What you are a saying is very true; however, you are leaving out some components to the story. Unions have and will continue to help balance out the problems with laize faire or pure capitalism. Yes, laws have been created over the years to protect workers. Actually, the laws were created more to save money to society than to protect workers. How so? Economics is the distribution of resources. If Bob breaks his arm at work and there are no laws to protect him, the government or someone will have to pay to take care of Bob. To assume that unions are not viable now is not to see the power of the capitalistic system. You are a supervisor? You are not management?
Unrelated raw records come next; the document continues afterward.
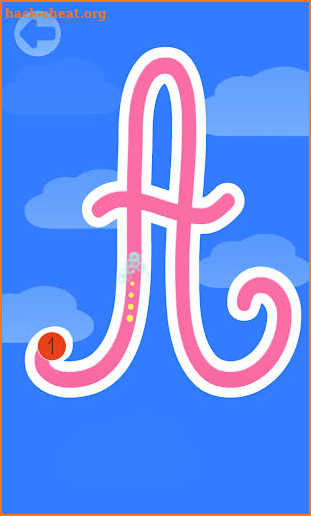 uppercase letter screenshot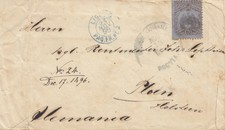 Colombia 1896: letter Bototta to Ploen/Holstein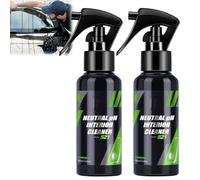 LUYJWZN Effective Engine Warehouse Cleaner Spray, All-Purpose Car Coating Agent, Interior Automotive Dashboard Tool, for Automotive, Motorcycle, Boat, Furniture Cleaner (2pcs)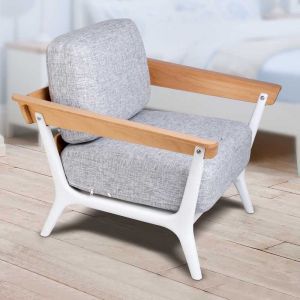 Colton 1 Seater Sofa With High-Quality Fabric By Stories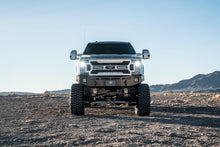 Load image into Gallery viewer, RBP RX-3 Midnight Edition Black LED Bar Grille (Studded) 17 Ford Spr Duty F250/F350 w/o Front Camera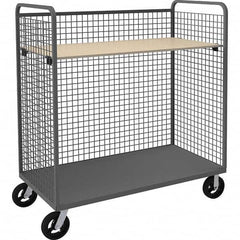 Durham - Carts Type: Wire Cart Load Capacity (Lb.): 1,600 - Apex Tool & Supply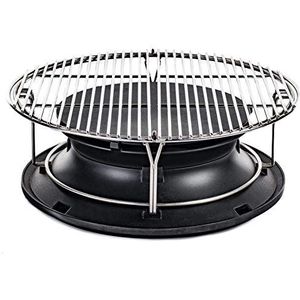 Kamado Joe KJ-Hyper Classic SloRoller KJ Sl? Roller Plus Het rek, Zwart, 18.288 cm* 44.704 cm* 44.704 cm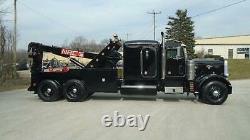 1984 Peterbilt 359 Sleeper Cab Nrc 35-ton Heavy Duty Wrecker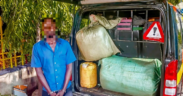 Police Nab Man Ferrying 90kg of Bhang in Matatu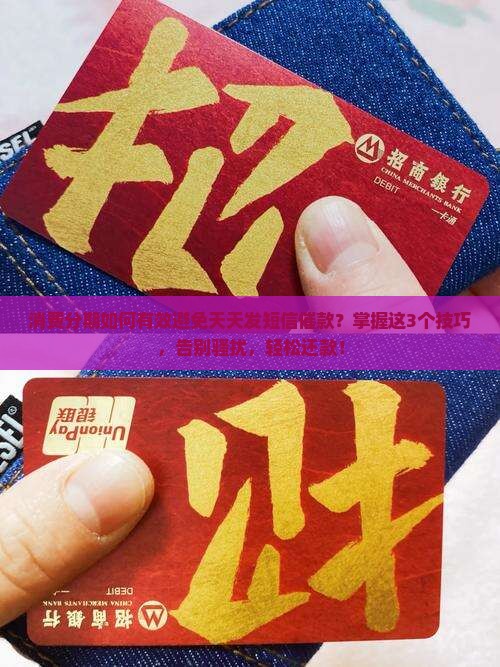 消费分期如何有效避免天天发短信催款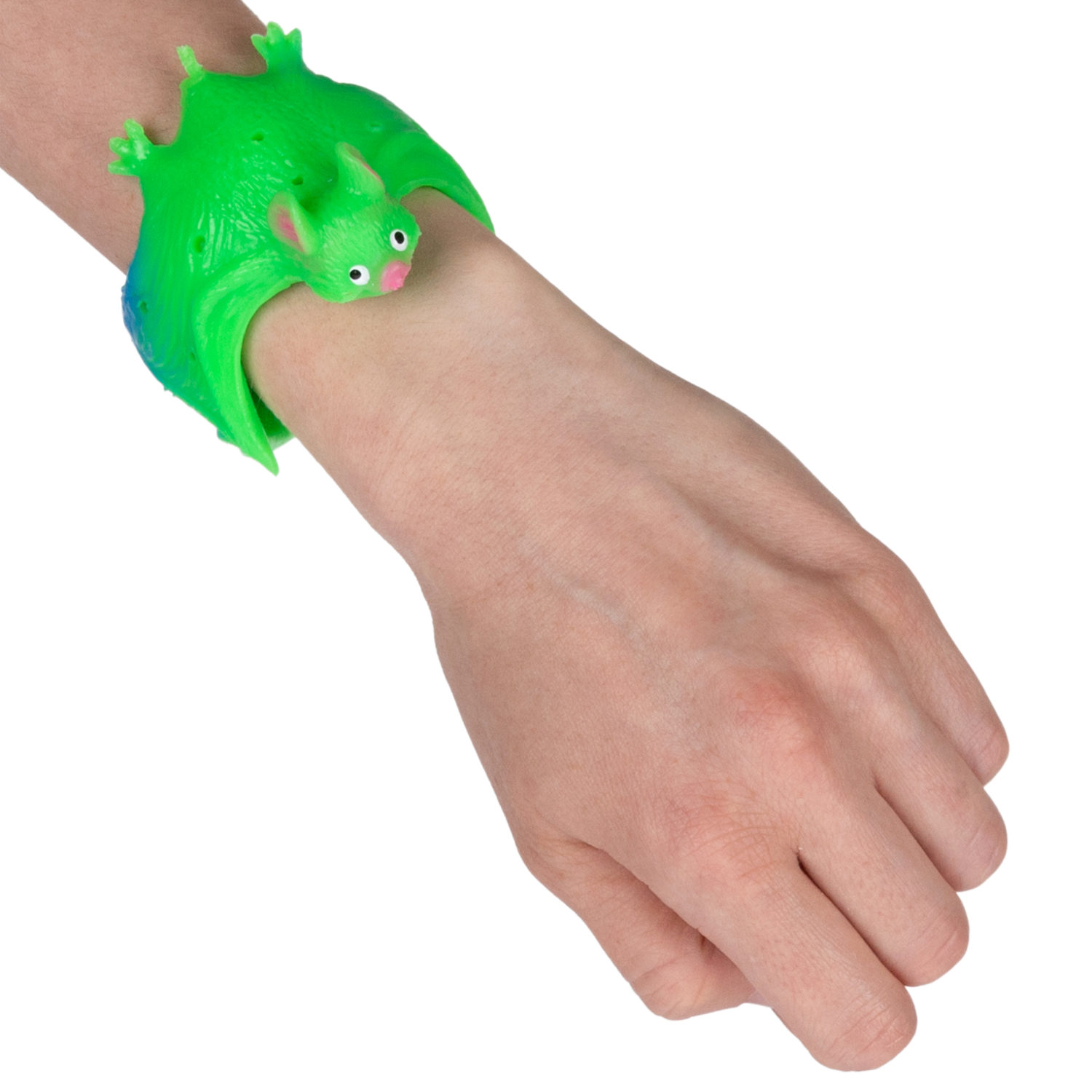 1TOY Супертянучка тягун в виде летучей мыши, цвет в асс.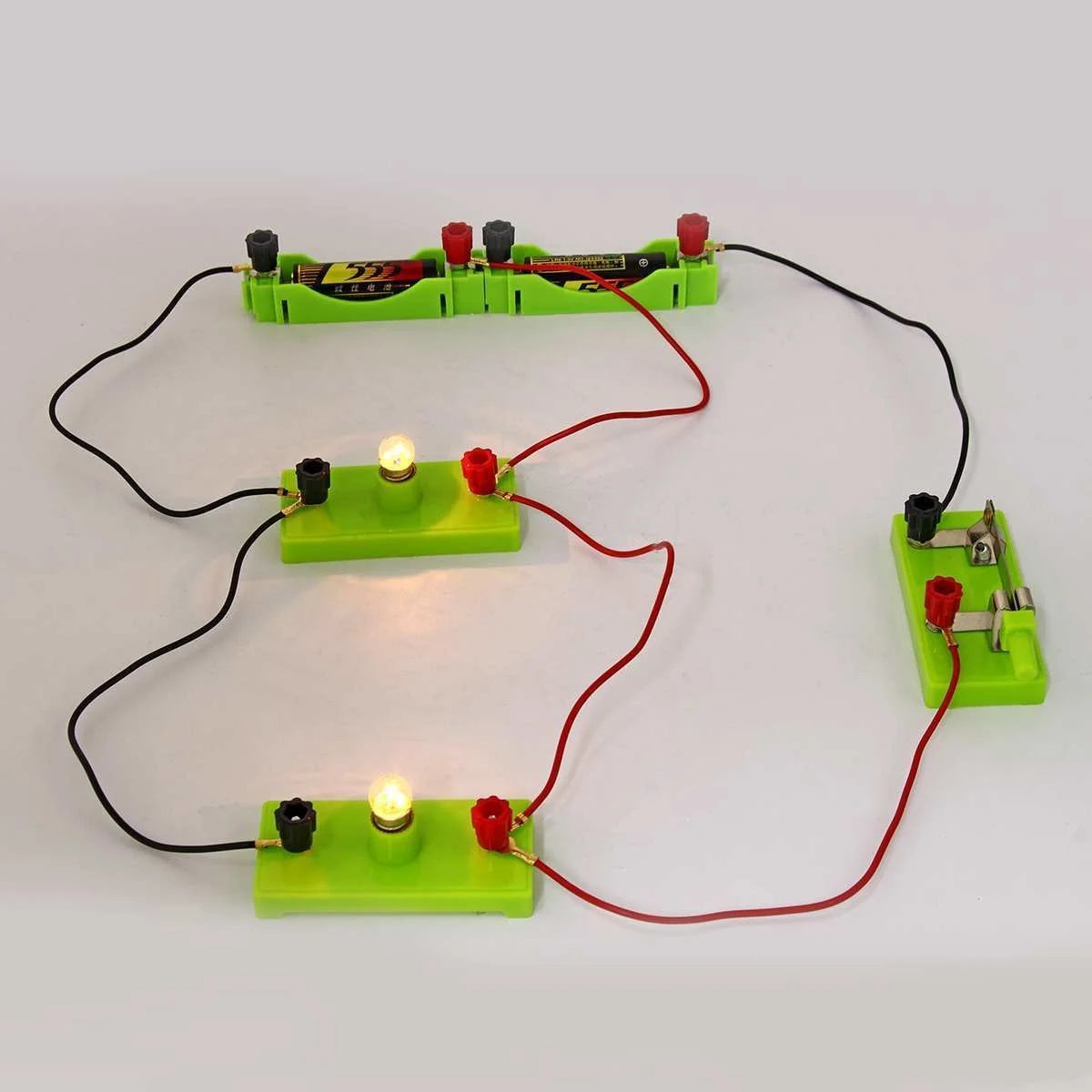 STEM DIY Circuit Kit: Fun Physics & Electricity Learning for Kids
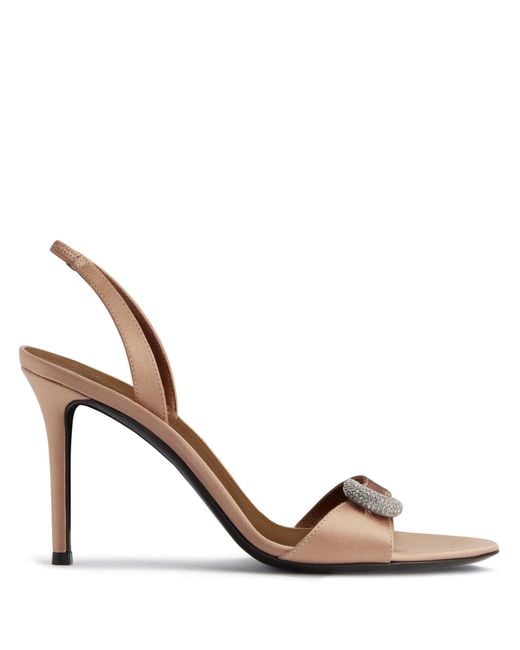 Giuseppe Zanotti Brown Harissa 90
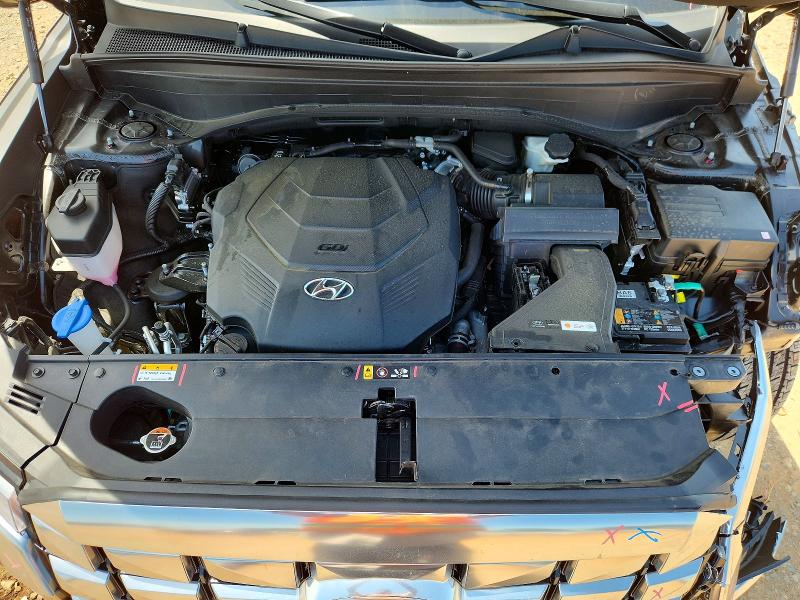 58541596 :رقم المزاد ، KM8R74GE3SU842057 vin ، 2025 Hyundai Palisade مزاد بيع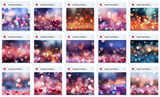 Ultimate Valentine Bokeh Asset Pack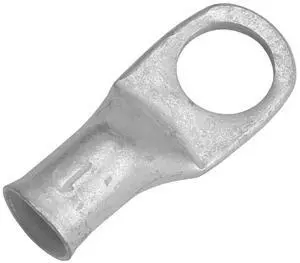 Pacer Tinned Lug 1 AWG - 1/2" Stud Size - 10 Pack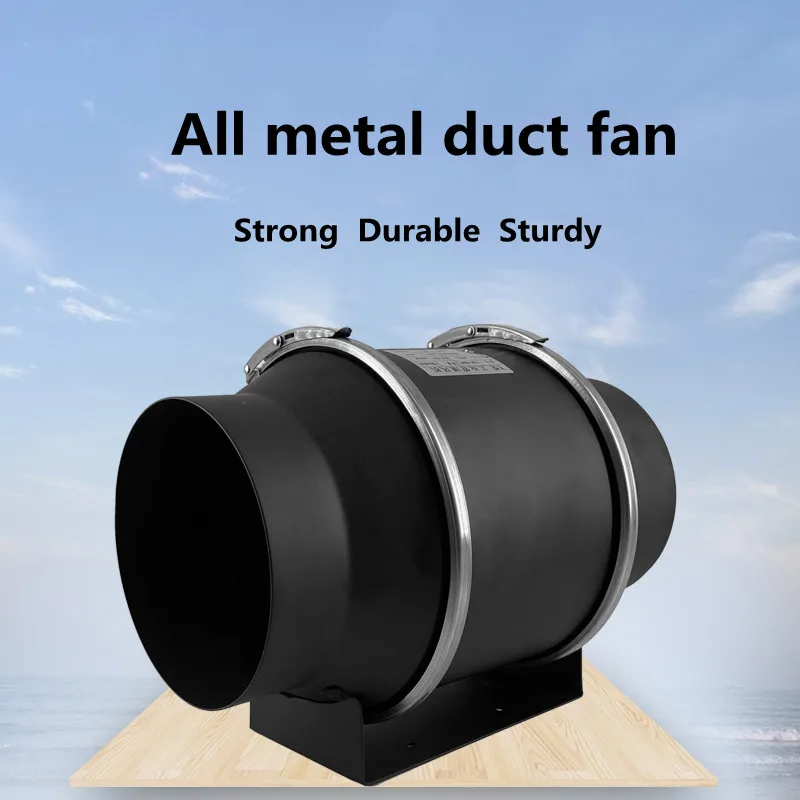 

Duct Fan 150 Exhaust Fan Kitchen Powerful Exhaust Fan Silent Exhaust Smoke Supply Air Exhaust Fan 4 Inch 6 Inch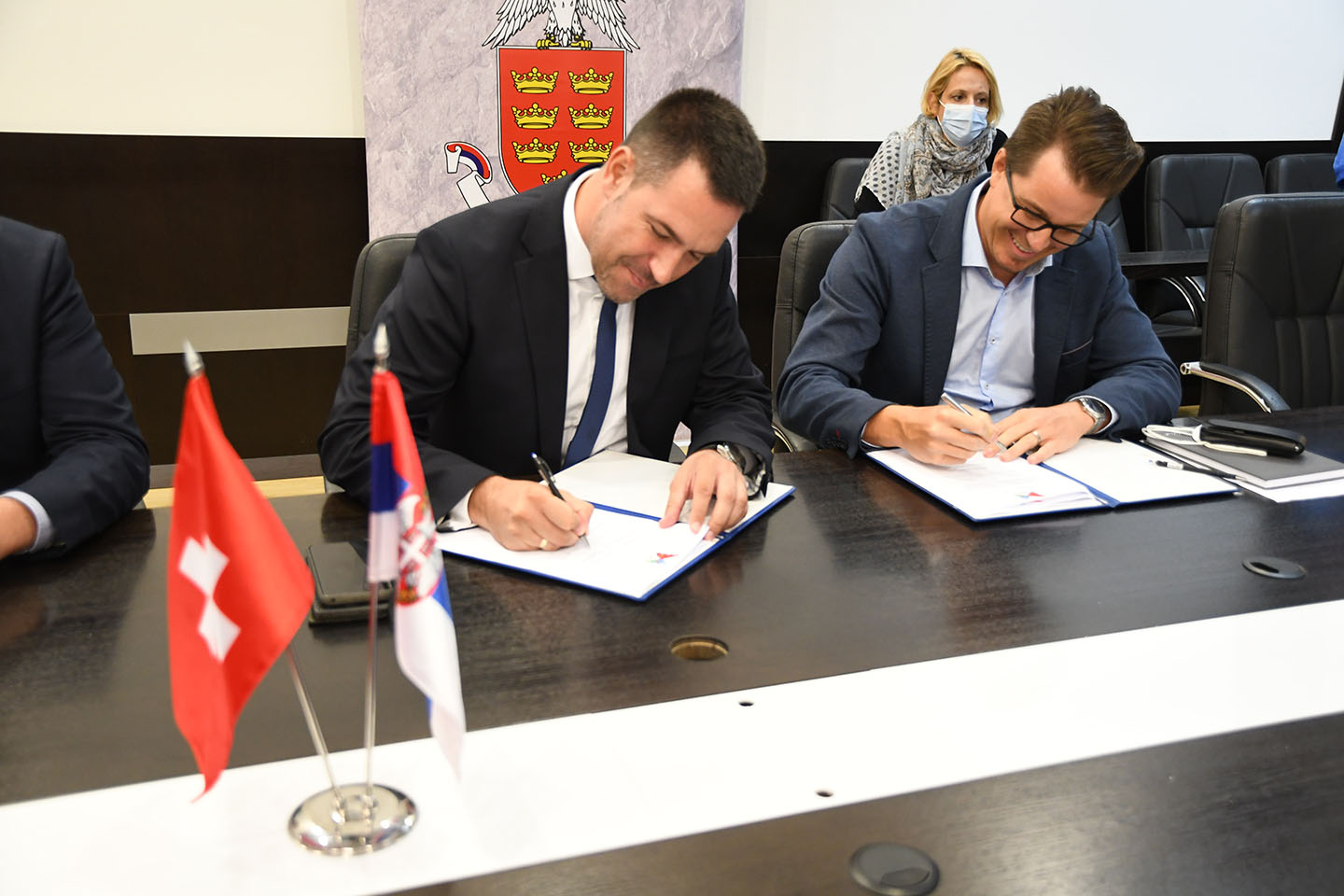 Commitment to continue work-based learning in Serbia reinforced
There is a difference. Management pulls levers based on objectives that tie into the vision and mission statement. Supervisors execute the plan or the movement of the levers. Actually, there are so many complicated connections within an organization and to its external environment that it boggles the mind. Don't assume that the only cost is labor costs or variable costs. If labor cost stay the same, then management will have to come up with other ways to be more efficient. Look at the new technology that UPS has introduced over the years. If there was no pressure to reduce costs or generate more revenue, do you think that UPS would have invested in new technologies and more efficient ways of doing business? The Supply Chain Solutions is a great example. The union will never strangle UPS's ability to compete. This would be counterproductive. Without the union there would be more problems than there are now, and these problems would cost the company money. There has to be a balance between labor and production. Unions help make this balance or find the economies of scale.